I began playing the pedal steel guitar almost 40 years ago, and in that time my perception of the instrument, its capabilities, and my outlook on music have gone through some profound changes.

I was raised in a musical family; my earliest musical experience was, as a small child, sitting under the piano while my mother was playing - I played the pedal - my first musical instrument. As a child in the 1950's and 1960's I was surrounded by the classical and big band music that my parents listened to -- Igor Stravinsky, Mussorgsky, Bach, Beethoven, Duke Ellington, Ella Fitzgerald, Micky Finn, Al Hirt, as well as the pop music that sounded on my transistor radio every night.

I remember lying awake at night listening to Petula Clark, the Beatles, Bobby Hebb, and also to the stations that played Aretha Franklin, Bobby Blue Bland, Wilson Pickett and James Brown. Then one night, when I was about 16 years old, in my bedroom listening to an underground FM station, they played the song "Invocation to OM". There was something about that song that drew me to it. I remember the DJ saying that this selection was from the album, John Coltrane: His Greatest Years. The next day I went out to find that album. Around the same time I also happened upon "Ameriques" by Edgar Varese.

When I was thirteen I began playing guitar, and felt a particular affinity for slide guitar (my inspirations soon became Robert Johnson, Son House, Willie McTell, and Muddy Waters - in fact when I was older I would often go to see Muddy Waters perform in Chicago at Alice's Revisted. What I was struck by was the awesome power and feeling that was evoked in just one note) and dobro (my favorites were Mike Auldridge, Josh Graves, and Tut Taylor)
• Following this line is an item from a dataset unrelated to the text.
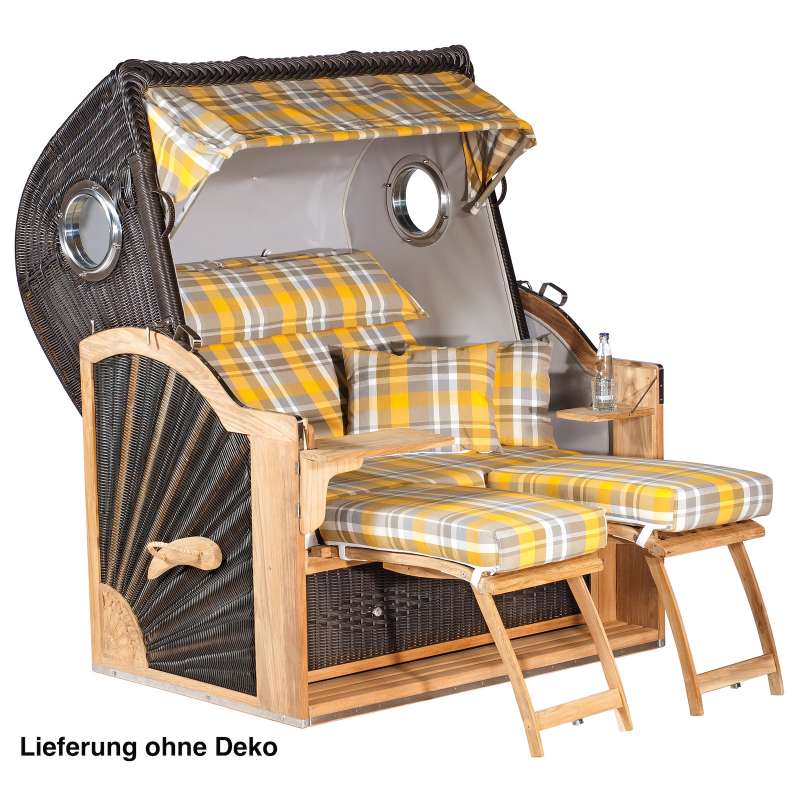 Sonnenpartner Strandkorb Diplomat Teak XL 3/4 Liegemodell cafébraun Oxford gelb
Then, in 1975, while I was in college, I saw someone play the pedal steel guitar in a nightclub. I remember that wondrously magical metallic sound and the way the shining steel bar seemed to float over the top of the instrument. I was hooked. The next day I went out and bought one. This was my send-off for a lifetime of musical discovery with this heavy, mechanically-complicated, and difficult-to-play instrument.

A short time later, while still really a beginner, I began playing with traditional country-western bands in the Chicago area. My first compliment as a steel player was from a musician who came up to me and said, "I like what you play on the pedal steel." I eagerly thanked him; then he continued, "What I meant is I like the songs you play, not the way you play your instrument." My initiation into Chicago-style country music was an interesting one. I wasn't very good at the time, and the musicians I encountered had no sympathy. They would stand behind me and make gestures, signal unexpected modulations without telling me, all sorts of things. It seemed pretty brutal at the time, but it's an education that I am now thankful for. It taught me to listen more carefully, to be aware so I wouldn't get lost, and to have a thick skin - something that I would later need when the crazy muse I followed caused me to stretch the boundaries of my instrument.
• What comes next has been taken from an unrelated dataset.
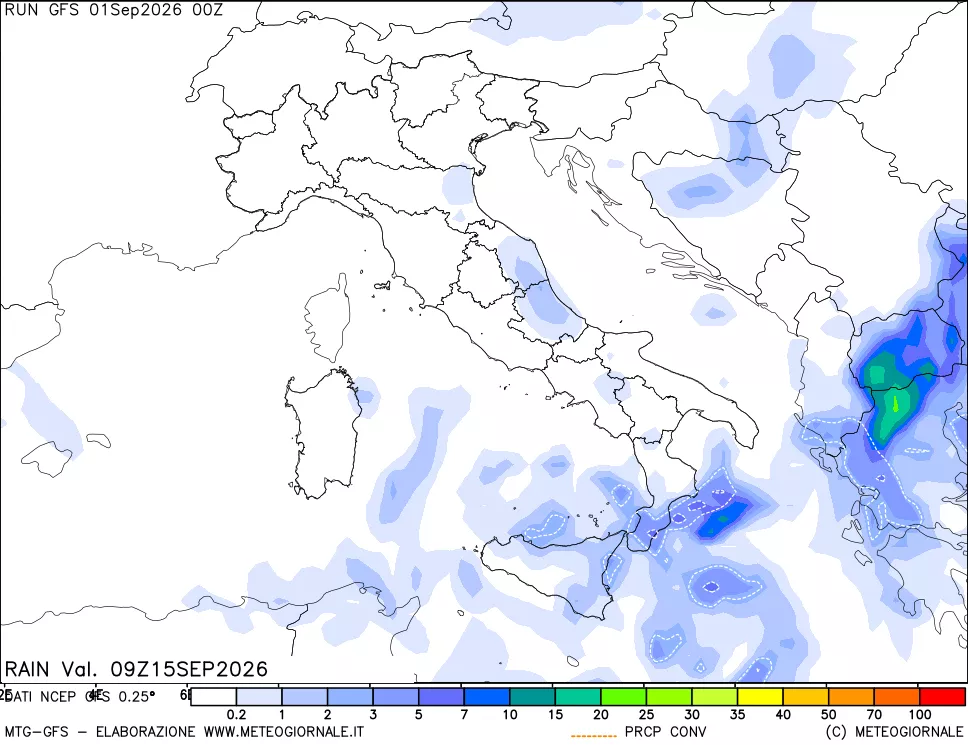 mappa Precipitazioni totali e convettive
During that time, I was listening to a lot of steel guitar music and wore out the needles on my record player trying to learn how to play everything I could by copying licks from my new heroes - musicians like Buddy Emmons, Lloyd Green, Jimmy Day, Curly Chalker, and Maurice Anderson, among others. The Buddy Emmons black album was, and still is, a cherished possession. I did the same with blues, 20th century classical music, traditional and free jazz, and whatever else piqued my interest at the time. In addition to the thousands of hours with my steel guitar and record player, I sought out and took lessons from whomever I could find who would teach me something, including Jeff Newman, Maurice Anderson (who had been enormously supportive), and a couple of group sessions with Buddy Emmons.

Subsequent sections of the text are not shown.